CTranslate2-based Whisper implementation. Fast, supports GPU acceleration.

```bash
pip install faster-whisper
```

**Models**: tiny, base, small, medium, large-v2, large-v3

### Vosk

Lightweight offline speech recognition. Lower accuracy but very fast on CPU.

```bash
pip install vosk
```

**Models**: Downloaded automatically by language, or specify a local path with `-m /path/to/model`.

### OpenAI Whisper

The original Whisper model from OpenAI.

```bash
pip install openai-whisper
```

**Models**: tiny, base, small, medium, large

### whisper.cpp

C++ implementation of Whisper via Python bindings. Very fast on CPU.

```bash
pip install pywhispercpp
```

**Models**: tiny, base, small, medium, large

## Subtitle Polishing

### LLM Polishing

Sends subtitle segments to an LLM to merge fragments into complete, natural sentences.

**With Ollama (local):**

1. Install and start [Ollama](https://ollama.com)
2. Pull a model: `ollama pull qwen2.5`
3. Run: `tingshuo -i ./media --polish-llm --ollama-model qwen2.5`

**With Ollama (LAN):**
```bash
tingshuo -i ./media --polish-llm --ollama-url http://192.168.1.100:11434 --ollama-model qwen2.5
```

**With OpenAI-compatible API:**
```bash
tingshuo -i ./media --polish-llm --api-url https://api.openai.com --api-key sk-xxx --api-model gpt-4o-mini
```

### NLP Polishing

Uses nltk sentence tokenization to detect sentence boundaries and merge fragments.

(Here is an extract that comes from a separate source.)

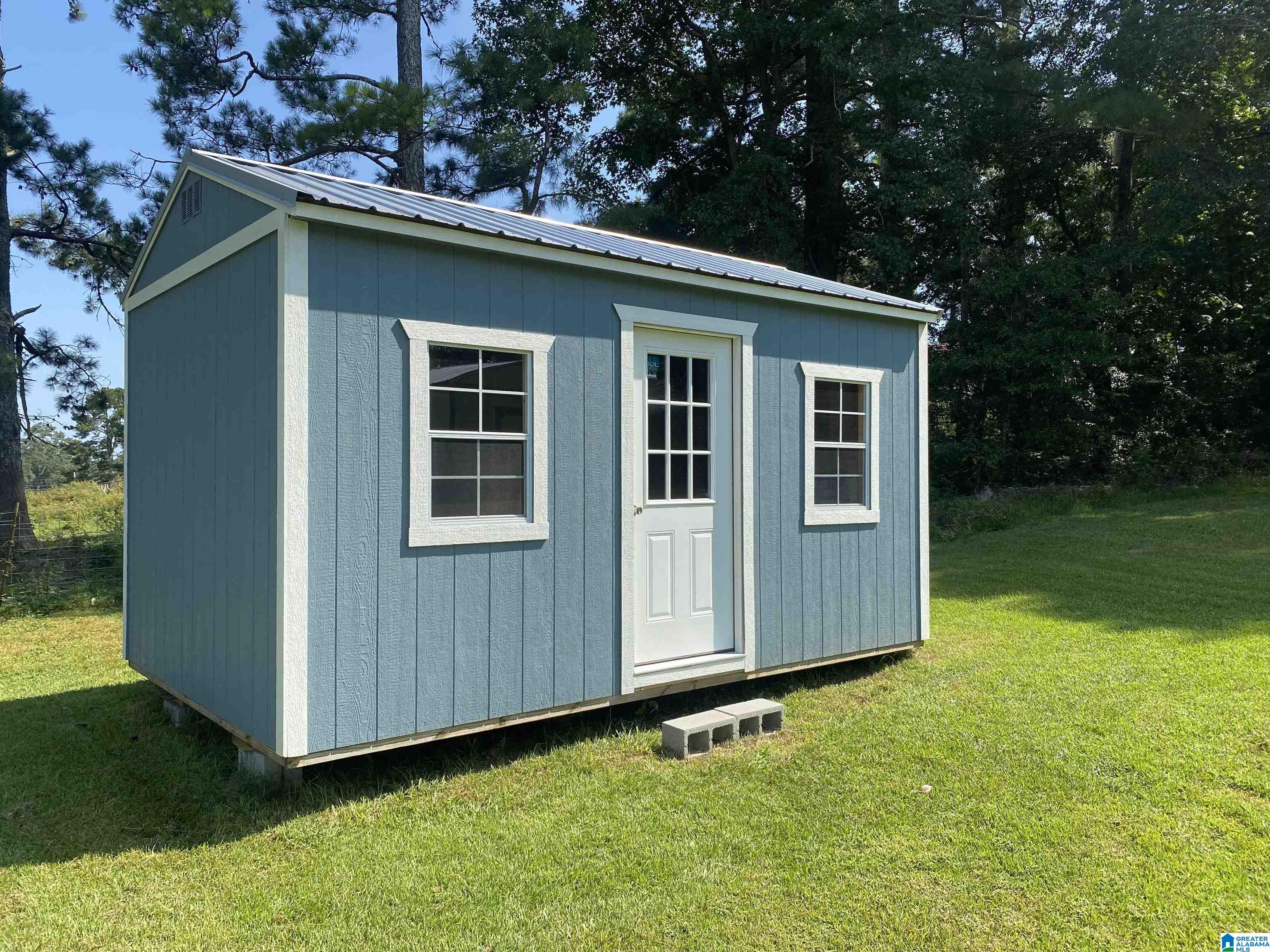 1089 Bryan Road Sumiton, AL 35148 - Photo 28 of 38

No LLM or network access required.

```bash
pip install nltk
tingshuo -i ./media --polish-nlp -l en
```

Supports English, German, French, Spanish, Italian, Portuguese, and more via nltk. For Chinese/Japanese/Korean, uses punctuation-based sentence splitting.

## Subtitle Translation

TingShuo can automatically translate generated subtitles to multiple target languages. Translated subtitles are saved as separate files with language codes (e.g., `video.zh.srt`, `video.ja.srt`).

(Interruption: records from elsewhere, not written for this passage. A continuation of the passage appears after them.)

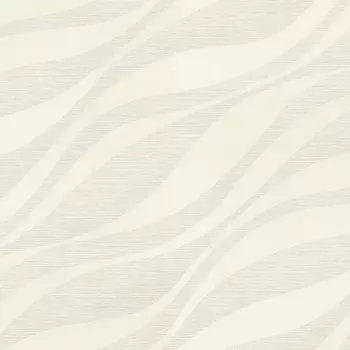 Обои Rasch Sky Lounge 1.06x10.05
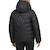 Blouson garçon Noir foncé 3 - vertbaudet enfant 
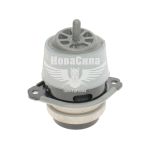 Подушка двигуна VW Touareg з02-10р.в. перед. (Lemforder)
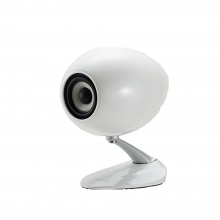 Eclipse TD307MK3 Loudspeaker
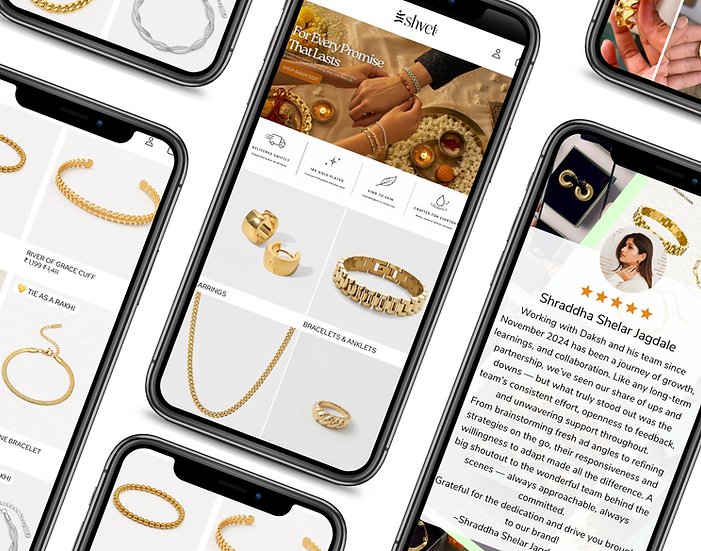 MAIN CHQ CONTENT for website and banners-10.png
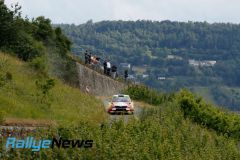 3.-Rallye-ADAC-Mittelrhein-2024-25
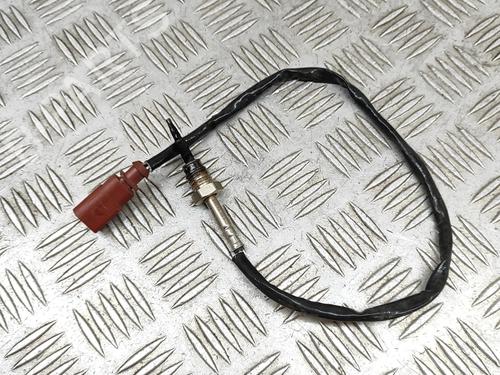 Electronic sensor AUDI A4 Allroad B9 (8WH, 8WJ) 2.0 TDI quattro | BP31314676M84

### NLLB Translation (Recommended)

Uses Helsinki-NLP/NLLB models for high-quality offline translation supporting 200+ languages.

```bash
# Install dependencies
pip install transformers sentencepiece

# Translate to Chinese and Japanese
tingshuo -i ./videos -e faster-whisper --translate --target-lang zh,ja

# Use a larger NLLB model for better quality
tingshuo -i ./videos --translate --target-lang zh --nllb-model facebook/nllb-200-distilled-1.3B
```

Available NLLB models: `facebook/nllb-200-distilled-600M` (default), `facebook/nllb-200-distilled-1.3B`, `facebook/nllb-200-3.3B`

### LLM Translation

Uses Ollama or OpenAI-compatible API for translation.

```bash
# Translate using Ollama
tingshuo -i ./videos --translate --target-lang zh --trans-backend llm --ollama-model qwen2.5

# Translate using OpenAI API
tingshuo -i ./videos --translate --target-lang zh --trans-backend llm --api-url https://api.openai.com --api-key sk-xxx --api-model gpt-4o-mini
```

## HuggingFace Mirror

For users in China mainland who have difficulty downloading models from HuggingFace:

```bash
tingshuo -i ./videos -e faster-whisper --hf-mirror https://hf-mirror.com
```

Or set the environment variable directly:
```bash
export HF_ENDPOINT=https://hf-mirror.com
tingshuo -i ./videos -e faster-whisper
```

## License

This project is licensed under the GNU General Public License v3.0. See [LICENSE](LICENSE) for details.